━━━ Given records

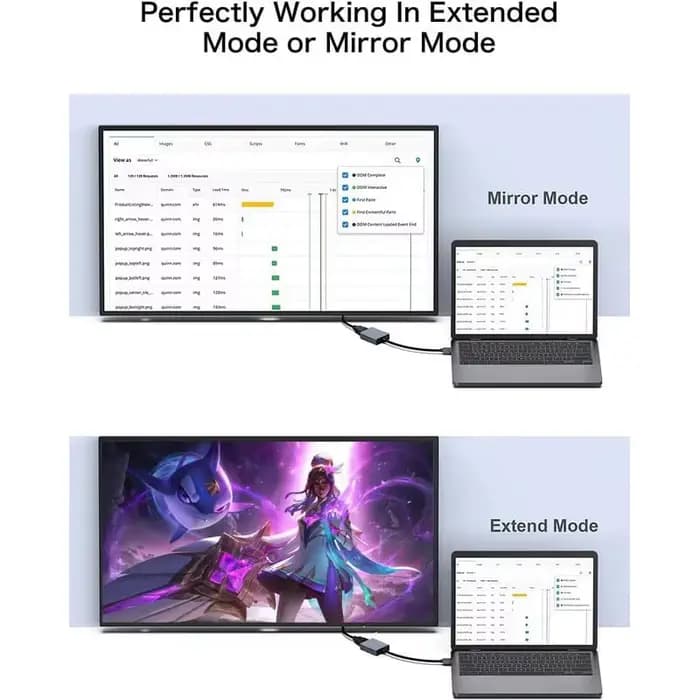 Adaptateur USB vers HDMI HD 1080P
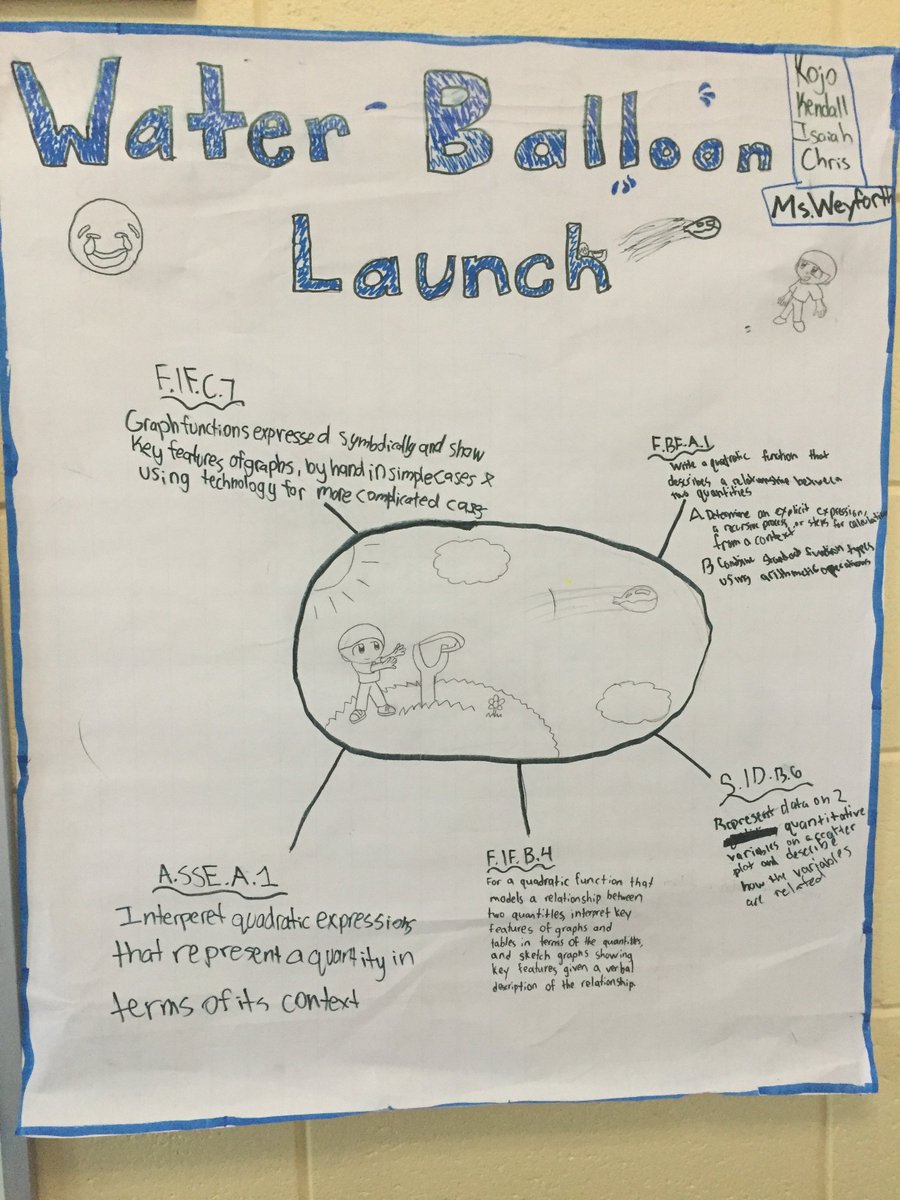 hcpss_tvms's tweet photo. Students in Ms. Weyforth's class use quadratic functions and forms of analysis to prepare for their balloon launch. https://t.co/ckHsWSruIe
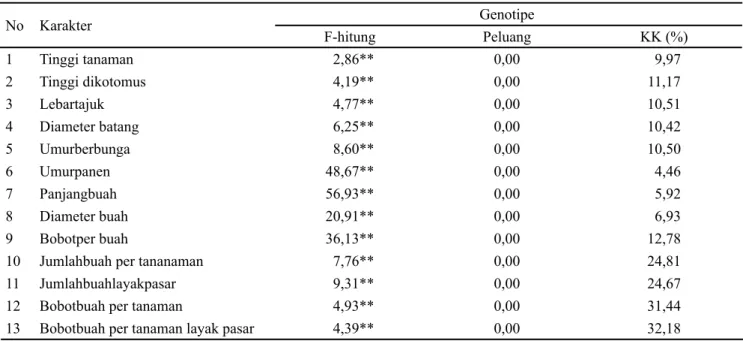 Tabel 1. Rekapitulasi F hitung dan koefisien keragaman  pada beberapa karakter cabai hibrida yang diamati 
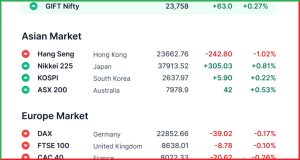 Pre Market 25 March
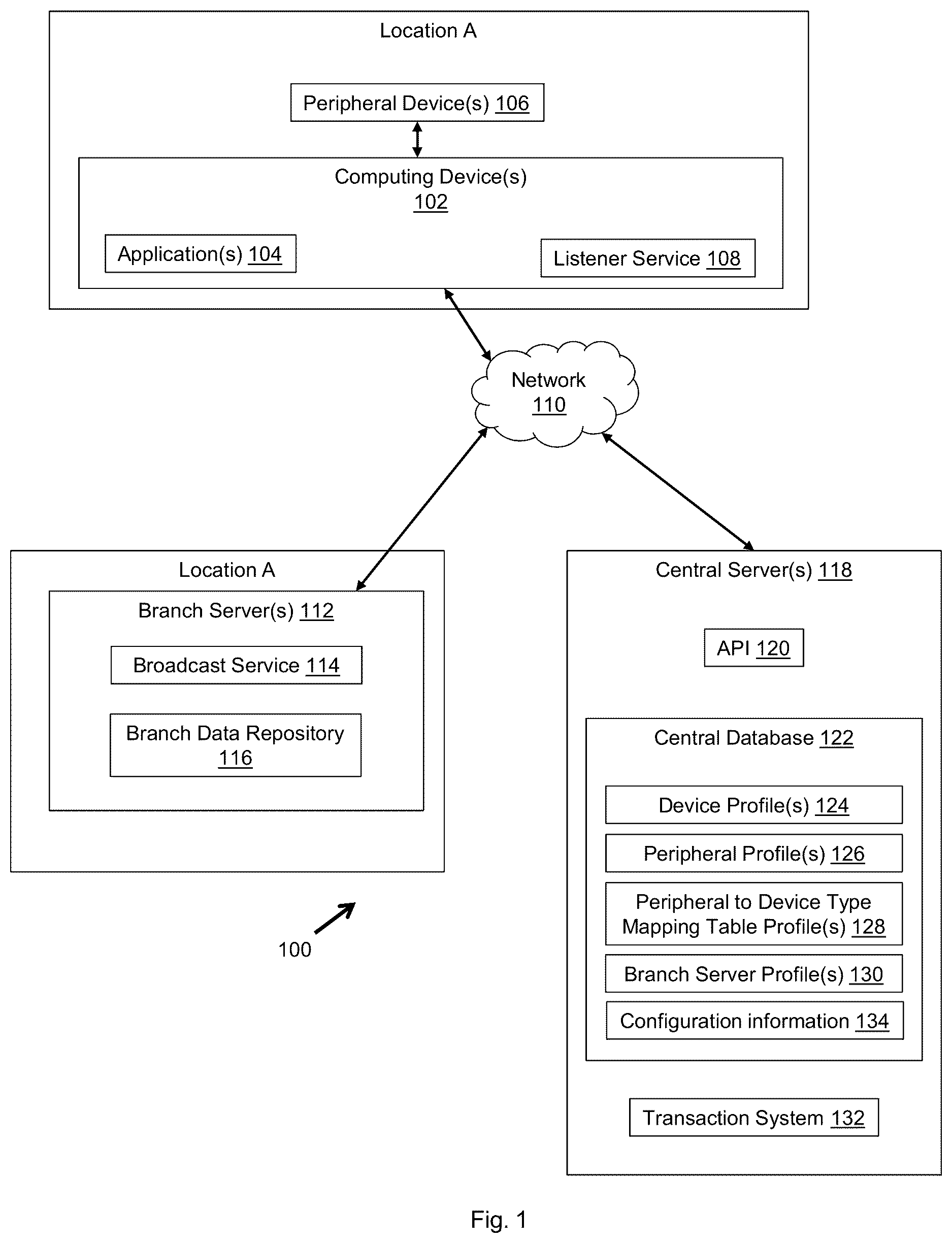 Patent US12353892 — System and method for automated configuration of a computing device — Figure 1
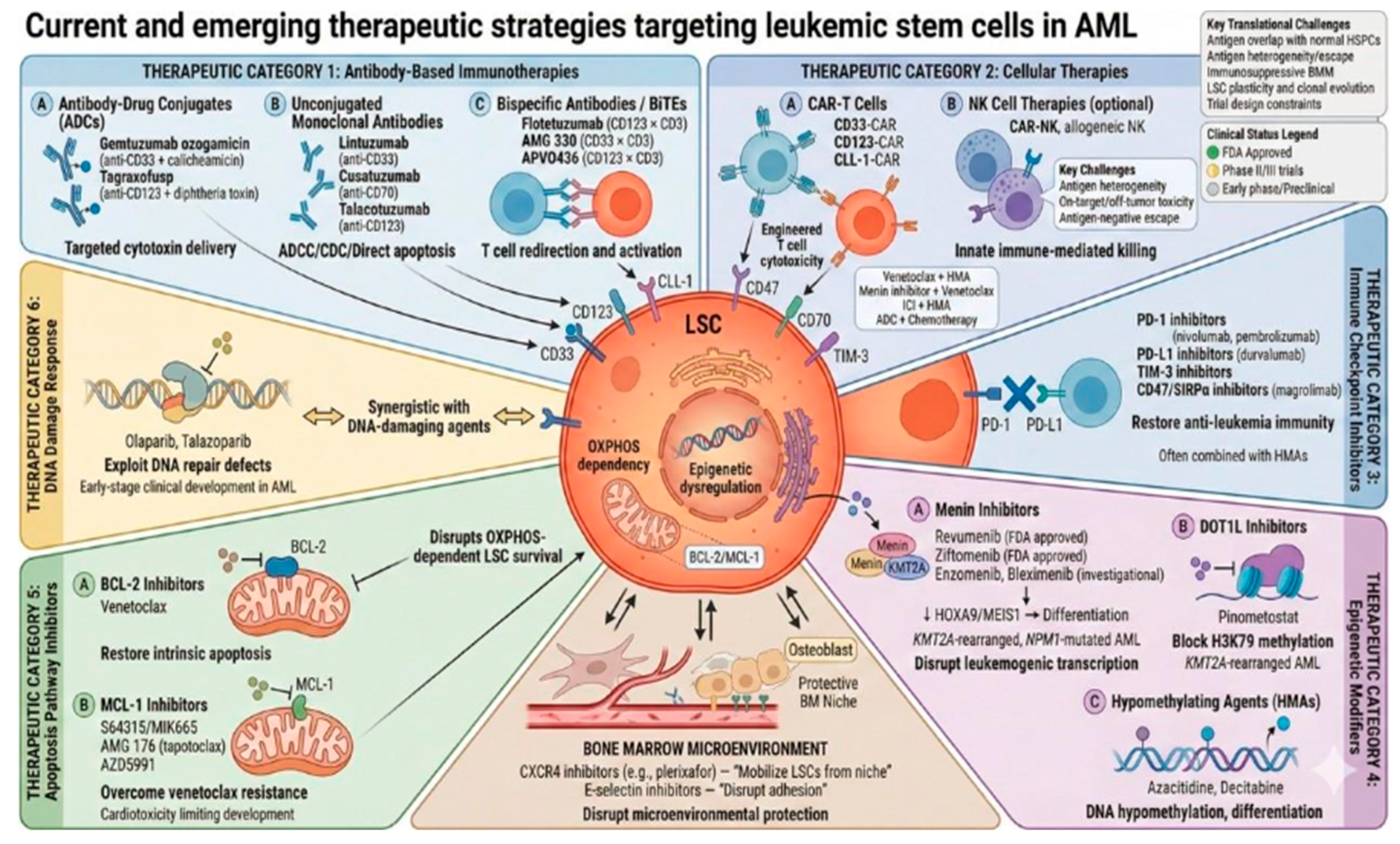 Preprints 192124 g002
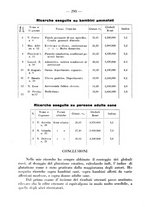 giornale/CFI0393646/1934/unico/00000338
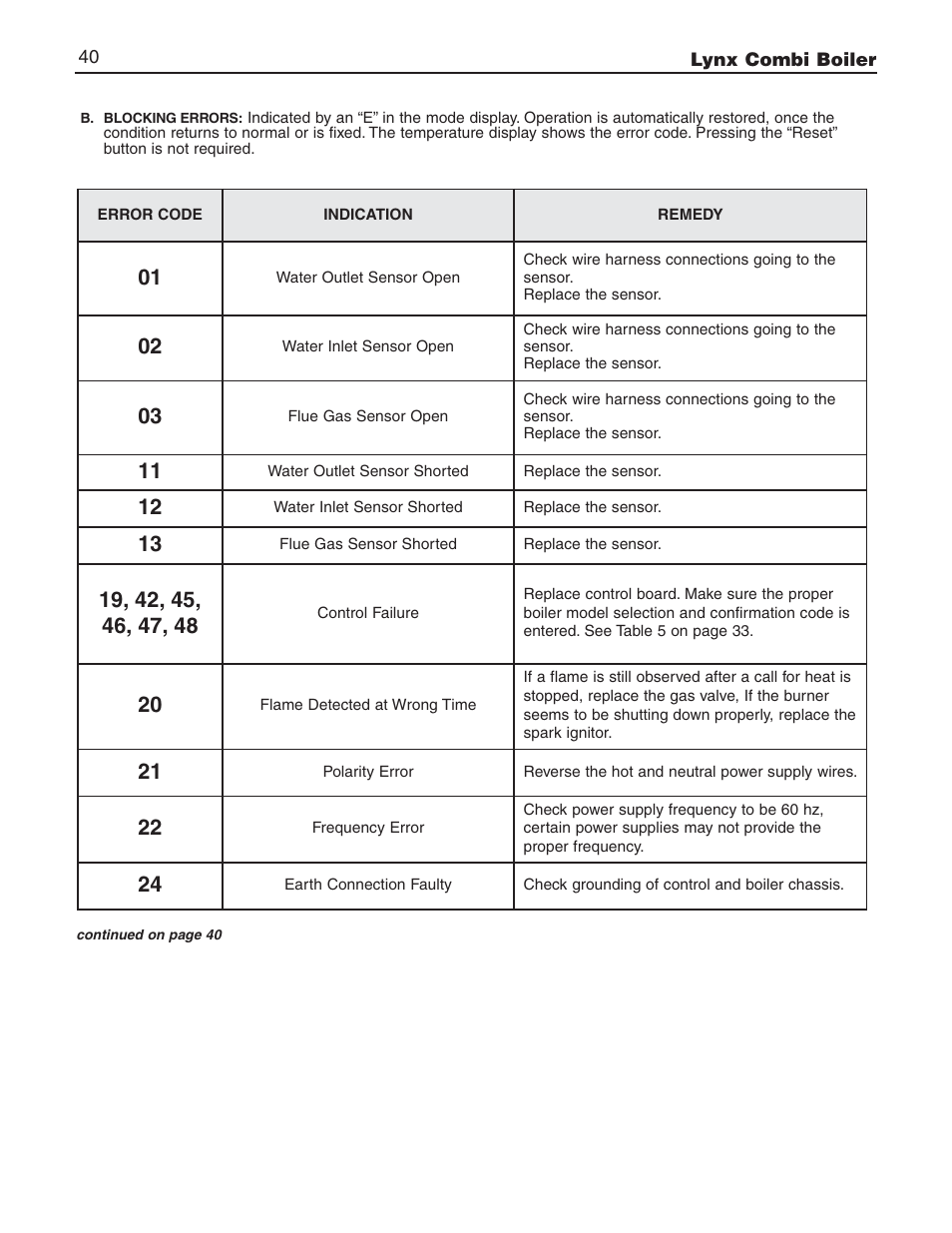 Slant/Fin LX-150CB User Manual | Page 40 / 44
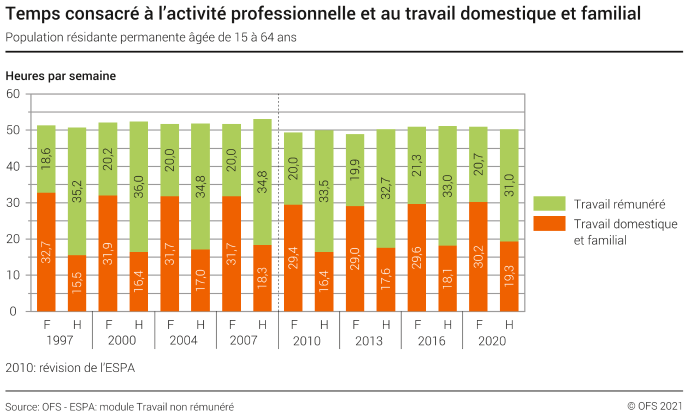Temps consacré à l'activité professionnelle et au travail dom. et fam. - Population résidante permanente âgée de 15 à 64 ans - Heures par semaine
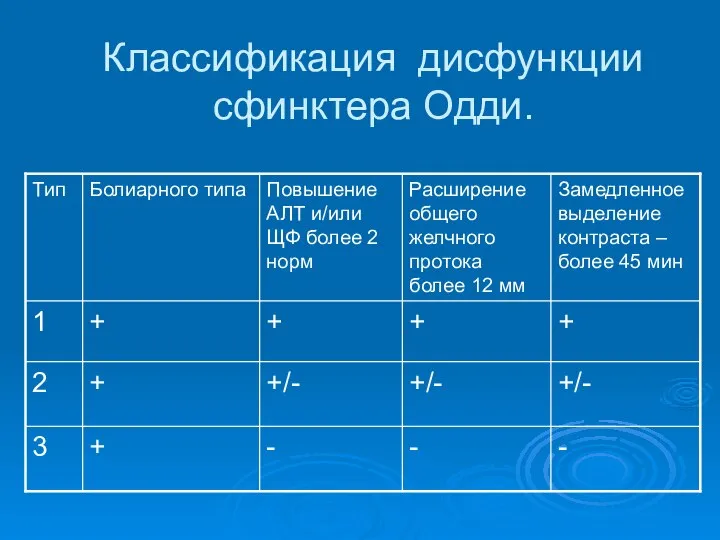 Классификация дисфункции сфинктера Одди.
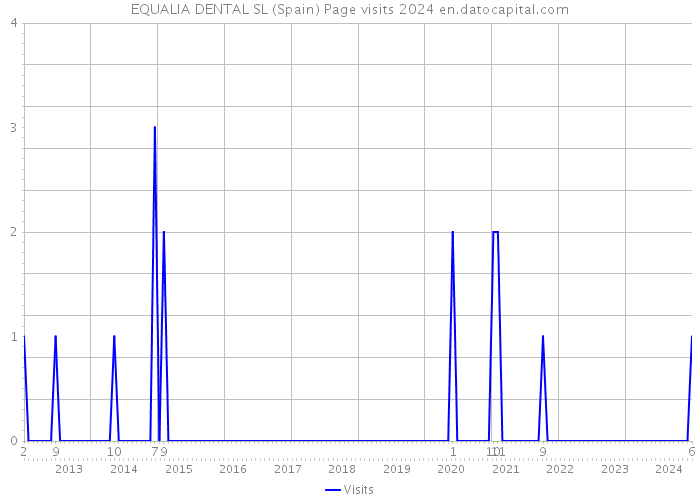 EQUALIA DENTAL SL (Spain) Page visits 2024 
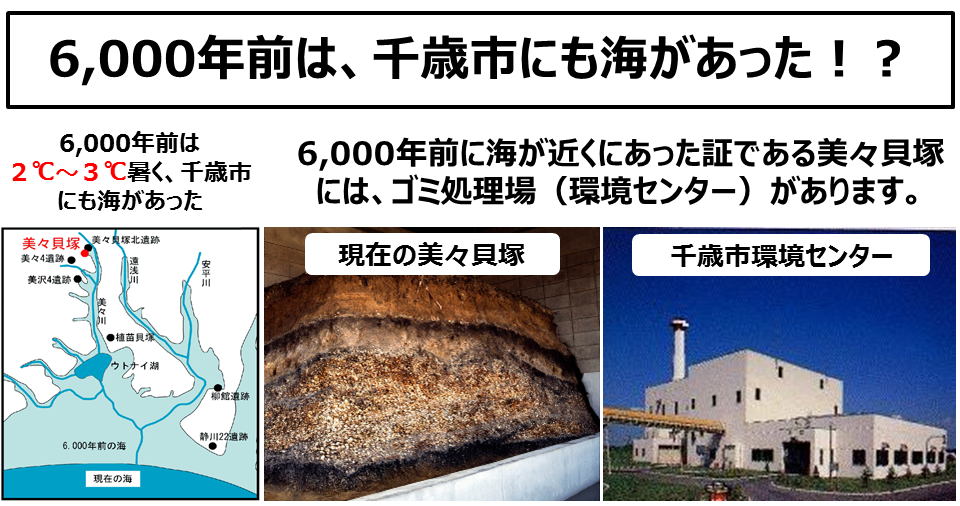 6000年前の千歳市の地図と現在の美々貝塚・千歳市環境センターの画像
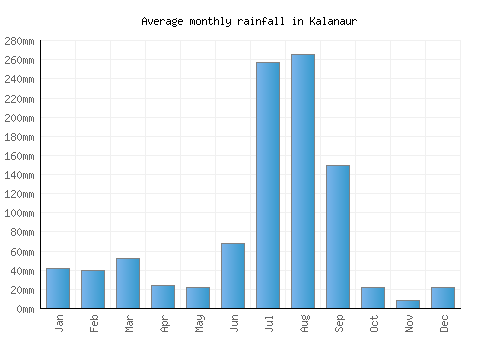 Kalanaur monthly rainfall chart (mm)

━━━━━━

About this task
Write out again the lines from the one with "Slant/Fin LX-150CB User" through the end of the records exactly, without any of the pictures.

Answer to this exercise
 Slant/Fin LX-150CB User Manual | Page 40 / 44
Temps consacré à l'activité professionnelle et au travail dom. et fam. - Population résidante permanente âgée de 15 à 64 ans - Heures par semaine
 Классификация дисфункции сфинктера Одди.
 EQUALIA DENTAL SL (Spain) Page visits 2024 
 6000年前の千歳市の地図と現在の美々貝塚・千歳市環境センターの画像
 Kalanaur monthly rainfall chart (mm)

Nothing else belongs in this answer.